What to work on: Reproduce exactly the span of lines beginning at the one with "Pashmina rectangular color" and ending at the last line of the data below, omitting pictures.

Scraped caption text data:
┏━━
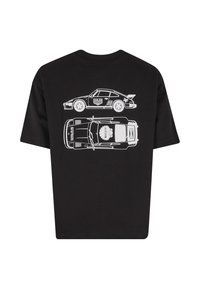 Μαύρο κοντομάνικο T-shirt με λευκές περιγράμματα κλασικού αυτοκινήτου, πλευρικές και κορυφαίες όψεις, και λογότυπα "Palace Monaco" στο αυτοκίνητο.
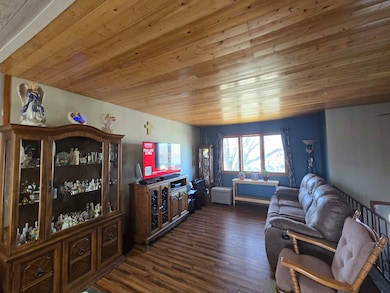 1904 N Eastwood St, Norfolk, NE 68701 - photo 6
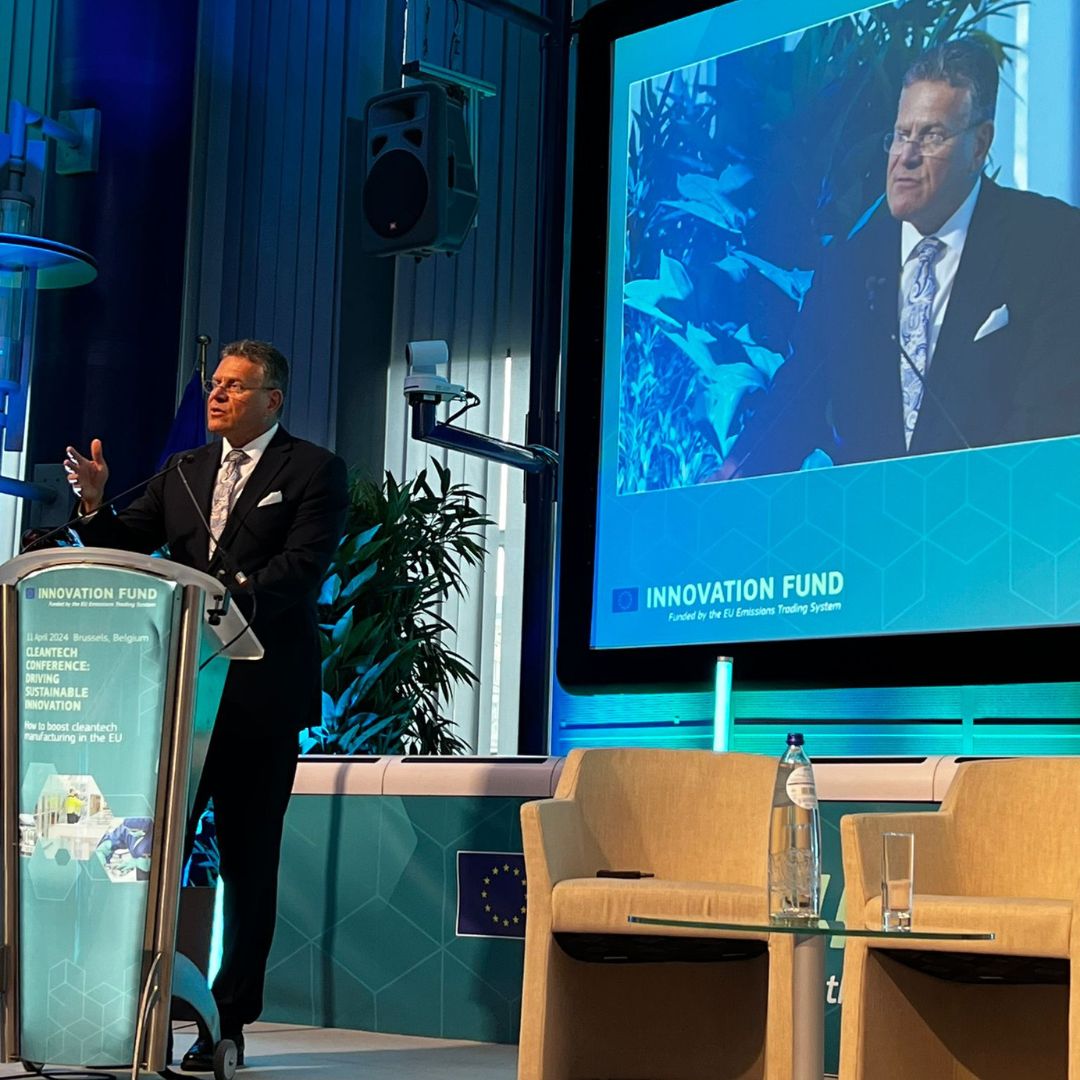 Opening the #IFCleantech conference is @EU_Commission Executive VP for #EUGreenDeal, @MarosSefcovic: 'We need Europe to remain a continent of industrial production. We will fight for our industry.' Follow live🔴: youtube.com/live/SNFW46dKY…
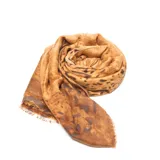 Pashmina rectangular color camel con estampado floral multicolor, terminada en pompones decorativos.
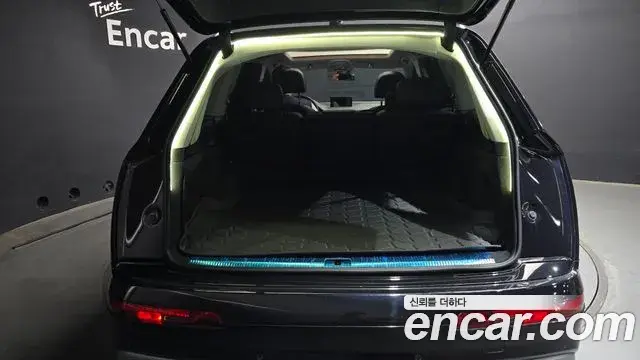 Audi Q7 2019 — ფოტო 13/30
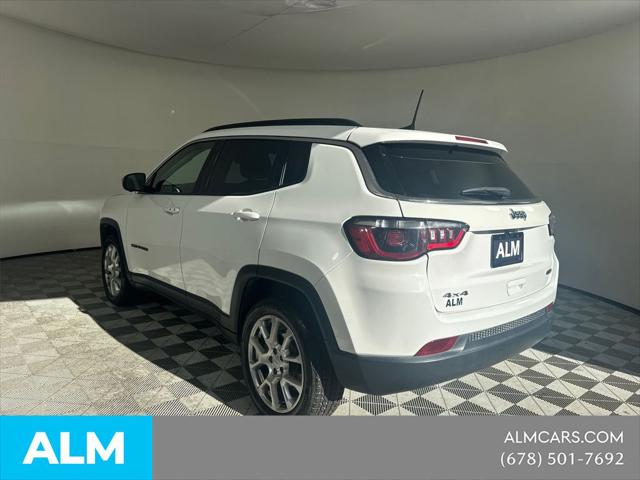 2022 Jeep Compass Latitude Lux 4x4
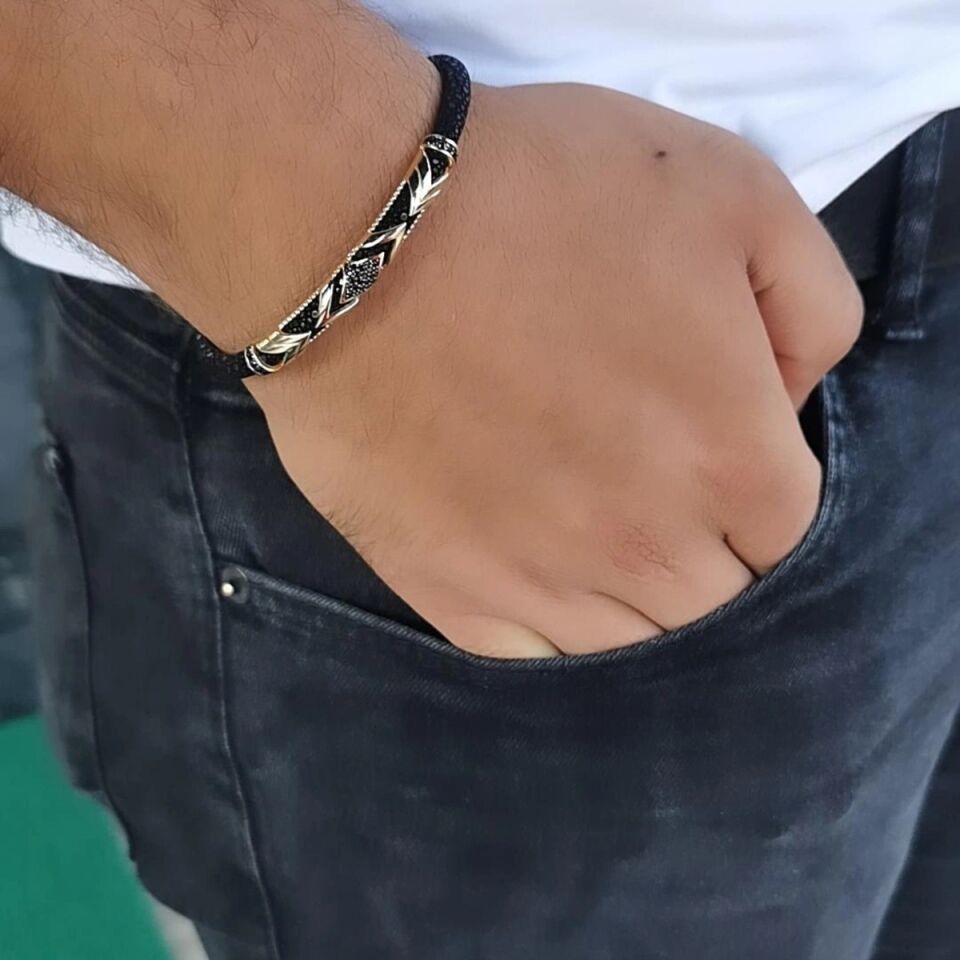 14 AYAR SİYAH VATOZ DERİSİ ÜZERİNE ALTIN TASARIM ERKEK BİLEKLİK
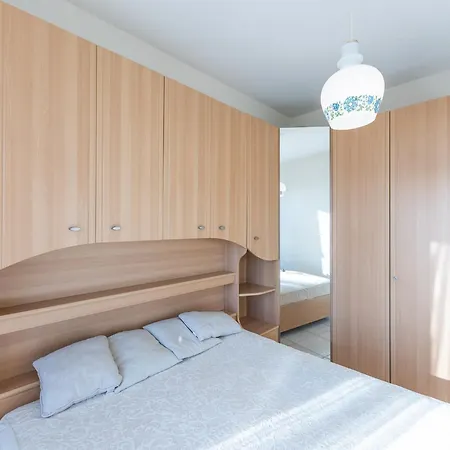 Apartment Seaview With Terrace, Cleaning Included *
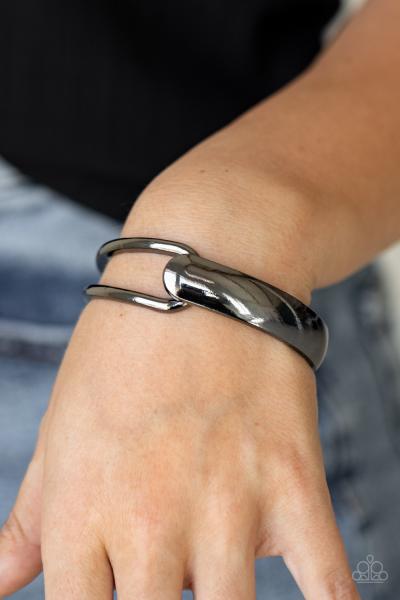 Couture-Clutcher - Black Bracelet 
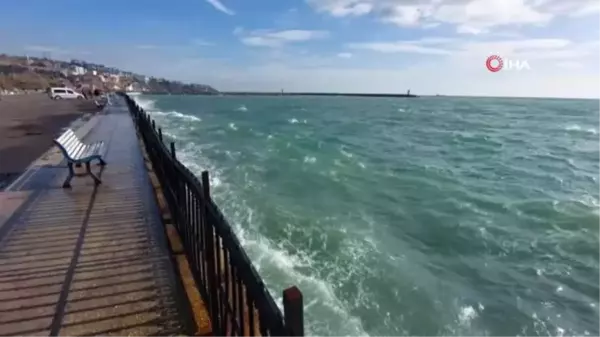 Tekirdağ'da lodos... Tekneler dans ediyor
┗━━
Expected answer:
 Pashmina rectangular color camel con estampado floral multicolor, terminada en pompones decorativos.
 Audi Q7 2019 — ფოტო 13/30
 2022 Jeep Compass Latitude Lux 4x4
 14 AYAR SİYAH VATOZ DERİSİ ÜZERİNE ALTIN TASARIM ERKEK BİLEKLİK
 Apartment Seaview With Terrace, Cleaning Included *
 Couture-Clutcher - Black Bracelet 
 Tekirdağ'da lodos... Tekneler dans ediyor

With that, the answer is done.